« Nous avons pris le mauvais chemin » : le père du Web regrette ce qu’il est devenu aujourd’hui

 
Dans une tribune, Tim Berners-Lee explique que le Web s’est perdu en chemin, qu’il n’est plus libre et qu’il a transformé les utilisateurs en produits. Sa solution : Solid.
Tim Berners-Lee // Source : CERN

Dans une tribune publiée par le journal britannique The Guardian, Sir Tim Berners-Lee, l’inventeur du World Wide Web, dresse un constat amer de l’état actuel de sa création. Il estime que l’idéal d’un espace ouvert et collaboratif a été dévoyé par une poignée de plateformes géantes où les utilisateurs ne sont plus des clients, mais sont devenus le produit.

La vision originelle : un web libre et pour tous

C’est en 1989, alors qu’il travaillait au CERN (l’Organisation européenne pour la recherche nucléaire), que Tim Berners-Lee a posé les bases du Web en inventant des standards comme le HTTP et les URL.

Son idée était de combiner deux technologies existantes : l’Internet et l’hypertexte, qui permet d’ajouter des liens cliquables dans des documents. Il était convaincu que cela permettrait de « libérer la créativité et la collaboration à l’échelle mondiale ».

Pour que sa vision d’un espace universel où l’on pourrait tout trouver se réalise, « il fallait que ce soit gratuit. C’est pourquoi, en 1993, j’ai convaincu mes responsables du CERN de faire don de la propriété intellectuelle du Web, le plaçant ainsi dans le domaine public ».

« Nous avons pris le mauvais chemin »

C’est par cette phrase choc que Tim Berners-Lee résume son regret. « Quelque part entre la première version du web et sa réincarnation dans l’âge des réseaux sociaux, nous avons pris le mauvais chemin », écrit-il. Il critique vivement le modèle économique dominant, où les grandes plateformes exploitent les données personnelles des utilisateurs pour les revendre à des courtiers ou les céder à des gouvernements :

« Sur de nombreuses plateformes, nous ne sommes plus les clients, mais le produit. Nos données, même anonymisées, sont vendues à des acteurs que nous n’avions pas l’intention de cibler, qui peuvent ensuite nous cibler avec du contenu et de la publicité. Cela inclut des contenus délibérément préjudiciables qui conduisent à la violence dans le monde réel, propagent de fausses informations, nuisent à notre bien-être psychologique et cherchent à saper la cohésion sociale. »

Le début du Web // Source : CERN

Il dénonce également les algorithmes « conçus pour être addictifs » et qui sont « dommageables pour la santé mentale de nos adolescents ». Pour lui, cette situation est à l’opposé de sa vision initiale d’un web libre, qu’il avait volontairement placé dans le domaine public pour qu’il puisse appartenir à tout le monde.

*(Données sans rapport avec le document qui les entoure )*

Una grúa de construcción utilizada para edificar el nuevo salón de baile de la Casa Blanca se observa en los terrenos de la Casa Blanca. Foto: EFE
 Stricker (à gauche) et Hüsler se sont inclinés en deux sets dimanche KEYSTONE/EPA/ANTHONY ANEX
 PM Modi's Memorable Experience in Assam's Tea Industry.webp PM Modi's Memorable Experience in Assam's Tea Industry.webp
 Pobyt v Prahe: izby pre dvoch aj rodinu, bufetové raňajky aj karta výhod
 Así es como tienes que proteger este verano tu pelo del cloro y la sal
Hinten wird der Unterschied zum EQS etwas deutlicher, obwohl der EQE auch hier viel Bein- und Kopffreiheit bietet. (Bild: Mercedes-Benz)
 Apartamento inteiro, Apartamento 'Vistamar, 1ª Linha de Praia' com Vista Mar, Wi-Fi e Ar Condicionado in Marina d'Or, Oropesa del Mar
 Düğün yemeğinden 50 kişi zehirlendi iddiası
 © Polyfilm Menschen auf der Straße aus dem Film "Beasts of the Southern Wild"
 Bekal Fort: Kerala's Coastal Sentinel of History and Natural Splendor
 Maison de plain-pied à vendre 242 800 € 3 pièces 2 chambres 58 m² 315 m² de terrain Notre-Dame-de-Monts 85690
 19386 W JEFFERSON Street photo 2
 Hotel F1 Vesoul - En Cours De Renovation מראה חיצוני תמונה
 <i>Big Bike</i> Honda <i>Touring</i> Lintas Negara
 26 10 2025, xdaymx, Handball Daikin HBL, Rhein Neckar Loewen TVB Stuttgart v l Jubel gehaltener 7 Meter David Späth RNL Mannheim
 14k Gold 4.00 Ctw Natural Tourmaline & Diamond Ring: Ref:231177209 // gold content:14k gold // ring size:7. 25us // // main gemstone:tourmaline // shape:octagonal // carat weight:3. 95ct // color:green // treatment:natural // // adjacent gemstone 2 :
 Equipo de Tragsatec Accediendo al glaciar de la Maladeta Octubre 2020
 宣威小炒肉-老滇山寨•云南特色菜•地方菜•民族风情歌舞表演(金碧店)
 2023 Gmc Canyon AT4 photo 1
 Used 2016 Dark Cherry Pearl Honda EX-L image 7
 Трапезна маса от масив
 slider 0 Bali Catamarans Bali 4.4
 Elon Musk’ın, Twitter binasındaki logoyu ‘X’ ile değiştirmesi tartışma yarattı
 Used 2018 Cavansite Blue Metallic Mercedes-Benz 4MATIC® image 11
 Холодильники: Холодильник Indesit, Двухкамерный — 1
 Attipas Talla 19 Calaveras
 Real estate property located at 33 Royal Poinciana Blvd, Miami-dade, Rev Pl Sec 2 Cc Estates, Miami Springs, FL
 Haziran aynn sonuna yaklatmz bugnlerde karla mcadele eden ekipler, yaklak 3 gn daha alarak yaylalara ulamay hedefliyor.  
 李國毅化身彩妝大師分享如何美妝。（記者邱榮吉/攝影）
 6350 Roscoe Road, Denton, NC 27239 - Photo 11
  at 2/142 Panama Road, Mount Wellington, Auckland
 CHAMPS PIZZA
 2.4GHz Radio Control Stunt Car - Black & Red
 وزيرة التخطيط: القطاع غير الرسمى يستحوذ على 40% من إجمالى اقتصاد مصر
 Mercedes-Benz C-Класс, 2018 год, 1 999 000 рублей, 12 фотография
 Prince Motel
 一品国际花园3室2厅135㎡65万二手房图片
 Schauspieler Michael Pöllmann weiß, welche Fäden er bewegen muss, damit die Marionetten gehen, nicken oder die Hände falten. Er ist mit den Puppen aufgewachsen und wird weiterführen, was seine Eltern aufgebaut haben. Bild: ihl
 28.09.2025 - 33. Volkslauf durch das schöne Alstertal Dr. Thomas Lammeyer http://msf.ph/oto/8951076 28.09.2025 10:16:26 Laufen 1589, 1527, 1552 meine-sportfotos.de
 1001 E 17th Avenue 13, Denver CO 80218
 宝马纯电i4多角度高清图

Solid : sa solution pour reprendre le contrôle de nos données

Face à ce constat, Tim Berners-Lee ne se contente pas de critiquer et met en avant une solution technique qu’il a mise au point il y a dix ans au MIT : Solid. Il s’agit d’un standard open-source qui vise à redonner aux individus le contrôle total de leurs données.

Le principe est simple : au lieu que vos données soient stockées dans d’innombrables silos appartenant aux éditeurs de services (Facebook, YouTube, etc.), elles sont regroupées en un seul endroit, un « pod » de données personnel que vous seul contrôlez.

« Vous générez toutes ces données : vos actions, vos choix, votre corps, vos préférences, vos décisions. Vous devez en être propriétaire. Vous devez en être responsabilisé », écrit ainsi l’informaticien.

Avec Solid, les applications doivent demander à l’internaute la permission d’accéder à des informations spécifiques, une permission qu’il est libre d’accorder ou de refuser.

La solution de Tim Berners-Lee // Source : Solid

Un avertissement pour l’ère de l’IA

Et Tim Berners-Lee utilise les leçons tirées de l’ère des réseaux sociaux pour lancer un avertissement sur l’intelligence artificielle. Il craint que le même modèle de monopole et de contrôle des données ne se répète. Pour éviter cela, il appelle les gouvernements à agir de toute urgence.

Il propose la création d’un organisme de recherche international sur l’IA, non lucratif et sur le modèle du CERN. Selon lui, seule une collaboration internationale de ce type peut garantir que l’IA soit développée pour le bien de la société, et non pour le seul profit de quelques entreprises technologiques. « Nous pouvons redonner du pouvoir aux individus et reconquérir le Web. Il n’est pas trop tard », achève-t-il.